Issues While Carrying Concealed At An Ice Rink
Retention, negligent discharge and human interaction are some of the primary concerns while carrying concealed at an ice rink, which inherently is a danger in and of itself.
Are there really ever fatal scenarios while ice skating? Actually, yeah.
Minnesota released a report spanning 40 years of ice-related fatalities. In 1979 on Lake Minnetonka, an 11-year-old broke through the ice. A 56-year-old fell through the ice on Medicine Lake in 2008. There are countless other medical reports on winter-related sports.
Even more specific to the question of how to avoid injury while ice skating and how it applies to concealed carry, there are studies on ice-skating injuries that go so far as to isolating areas of impact on the body, which could affect where a firearm is placed if it’s needed while ice skating.
A 1988 report from the British Journal of Sports Medicine conducted research as to exactly how a given population fell on a public ice skating rink, which demographics were prone to doing so and other pertinent information pertaining to this type of injury.
Out of a hospital analysis of 8,361 reported accidents taken into consideration in that study, 80 of them were due to an incident at a local ice rink. The consensus: the majority of injuries were in the upper limbs, primarily being lacerations, fractures and sprains.
The takeaway for concealed carriers? Although impact will typically be absorbed through the upper limbs, the force may be redistributed to some key areas where concealed carry holsters rest on the upper body.
This is when retention and trigger guard coverage is imperative, because a firearm being compressed against the body or jostled onto the ice in a mess of limbs and skates can negligently discharge.
Although the likelihood of the accident occurring is slim, and the chance of the firearm being knocked loose is even smaller, understanding and utilizing the right level of retention and properly using safety mechanics will ward against anything unfortunate happening.
Learning how to skate? Don’t have a holster that will retain the firearm if an impact occurs? Look into renting a locker, if it’s even available, by calling ahead and having an appropriate gun case on hand.

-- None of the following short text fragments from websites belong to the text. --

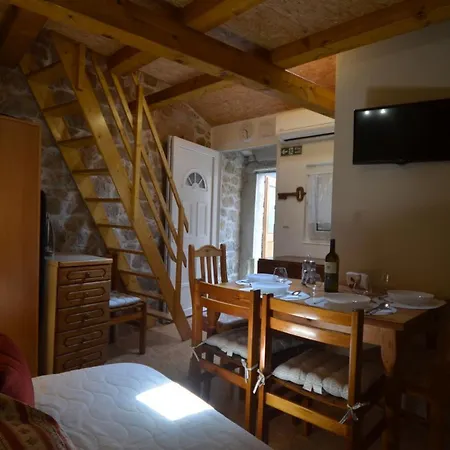 La Maison De Catherine Gostinjska kuća 3*
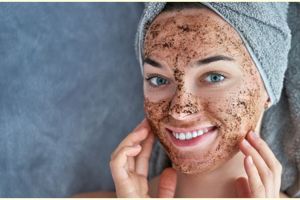 Cara membuat masker kopi untuk jerawat dan bekasnya, mudah serta aman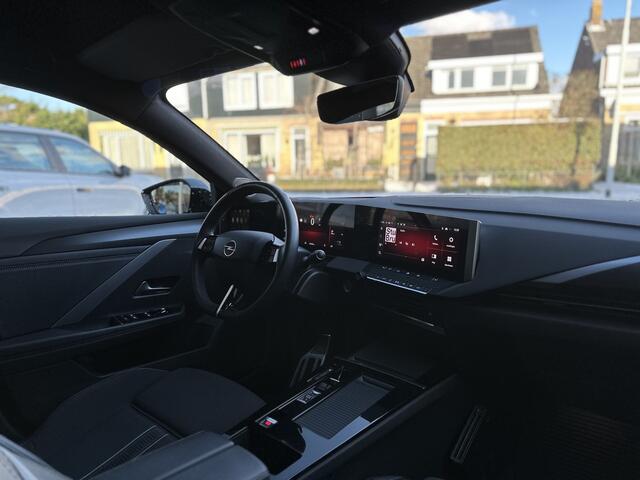 Opel ASTRA Sports Tourer 1.2 Turbo GS Automaat Stoel verwarming/Camera/Parkeerhulp.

Why Concealed Carry During Winter Activities
When tackling why to concealed carry during winter activities, people often misdirect the issue.
The concern over danger and self-defense becomes destination-based, as opposed to considering why everyday concealed carry itself is an overwhelmingly supported practice.

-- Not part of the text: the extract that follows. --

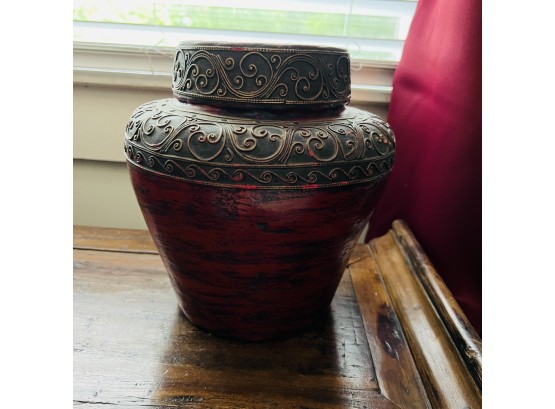 Vintage Lacquer Urn With Lid From Thailand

What does that mean in relation to the topic at hand?
It means most people aren’t expecting to need to brandish a firearm on the ice (granted, it may be a small possibility) but rather the weapon is equipped because they have to cross a questionable parking lot to get to the ice or the rink is in an area where crime rates are reported higher than others.
Winter activities are uniquely prone to this issue of situational need. Is the firearm necessary while cross-country skiing? Will a CCW be handy while ice fishing?
The fact of the matter is, self-defense incorporates preparation at all times and at all steps of any given activity.
What To Consider With Concealed Carry on Ice
Bottom line: when asking how to concealed carry while ice skating, there are a few things to understand and until the given situation is being experienced individually and in person, like those at ice skating rinks, this article will only skim across the surface.
Understand how to fall (easier said than done in the moment) and how the body will strike the ground given the circumstances. Utilize the right equipment that accounts for rigorous movement in a cold, icy environment that can result in unexpected movements or abrupt impact with other skaters and the surroundings.
Look into storing your ccw safely on location or in the vehicle once arriving, that is, if the concealed carrier anticipates a low enough likelihood of lethal danger.
Anticipating danger by actively carrying concealed can result in strange scenarios like this. Gun safety means asking questions like, “If I’m taking the kids out to the ice rink downtown or at that pond, how will I carry my weapon in the most optimal, safe way?”
A distraction from meaningful communication and developing theories on safe practices is disregarding the legitimacy of environmental conditions as they relate to firearms tactics, meaning concealed carry while ice skating is just one of many valid, if not arbitrary, considerations.